Brian-1

19 2 0
                                    

"Bri, gue mau kuliah ke Kanada,"

"Ha? Jauh amet, gamau di Depok aja?"

"Hahaha, lagi sebenernya udah ada beasiswa." Seperti yang ada dalam pikiran saya, Cici memang secerdas itu. 

"Pinter amat lo, ya yaudah..."

"Gapapa kan?"

*** 

"Ya buset Ci... gue kira lo bakal stay di sini." Saya sok-sokan pasang muka sedih di depan Cici, karena Cici harus berangkat ke Kanada saat ini.

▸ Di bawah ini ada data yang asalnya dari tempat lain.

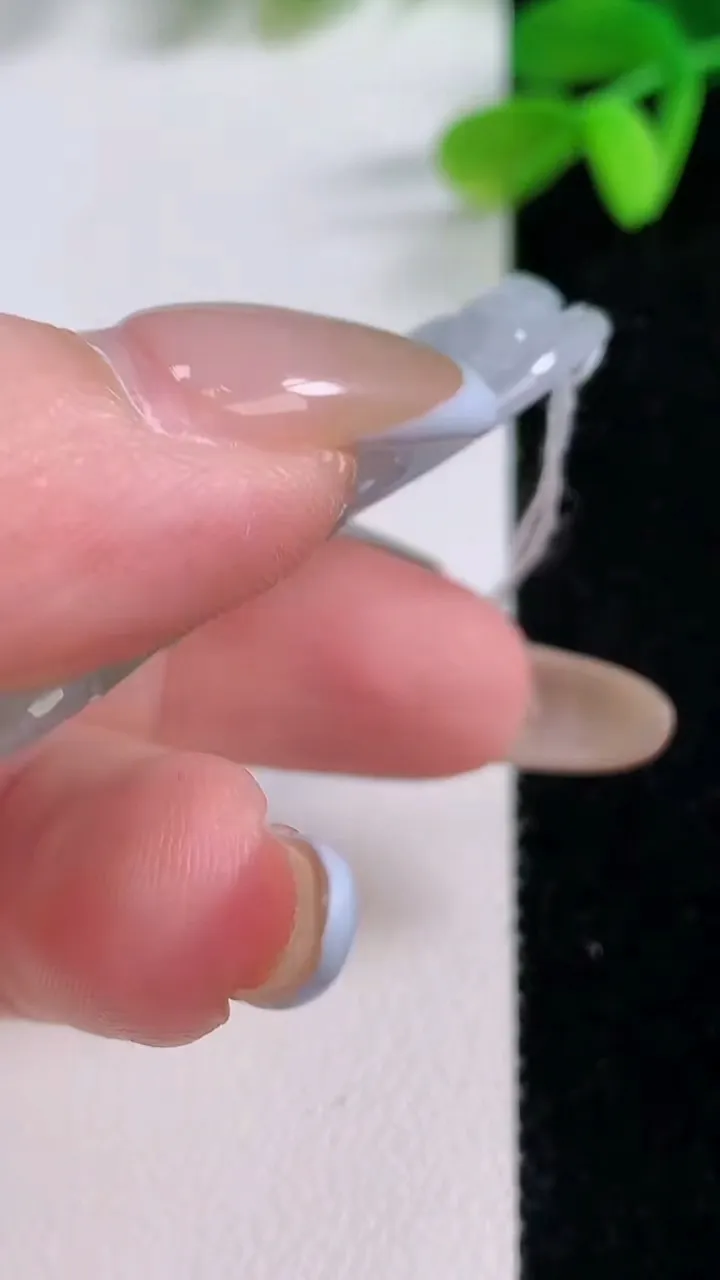 天然A货翡翠观音菩萨吊坠，尺寸58-27.2-5，重量:13.87g
11月21日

"Haha kan kemaren aku udah pernah bilang bakalan lanjut ke Kanada.."

"Huhu... tapi lo pulang kan?"

"Ya pulang lah Briiii... tapi,"

"Tapi apaan?"

"Lama..."

Tahu kan? Saya bukannya tidak mau melepas salah satu sahabat saya untuk mengejar mimpinya, tapi rasanya sayang sekali. 

"Yaaah, ati-ati deh kalo gitu Ci, kasih kabar ya anjir sampe ilang kontak parah sih, gue dobrak rumah lu sih."

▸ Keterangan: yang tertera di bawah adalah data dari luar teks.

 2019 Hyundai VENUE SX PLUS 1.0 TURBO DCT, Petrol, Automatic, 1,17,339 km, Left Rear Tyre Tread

"Dobrak ae sih Bri, ntar lo yang dimarah mama gue."

Setelahnya tinggal beberapa menit sampai Cici harus berangkat masuk ke gate dan memasuki pesawat yang akan membawa dia ke Kanada. Meninggalkan keluarga, meninggalkan semua di sini dan termasuk saya, mungkin juga hati saya.

Papa Cici selanjutnya langsung menepuk pelan pundak saya, sembari memberi kalimat penyemangat mainstream yang entah kenapa malah sangat memotivasi saya. 

"Bri, lagian Cici cuma sekolah. Yaelah empat tahun doang kok paling lama, masa seorang Brian gabisa nunggu sih?" 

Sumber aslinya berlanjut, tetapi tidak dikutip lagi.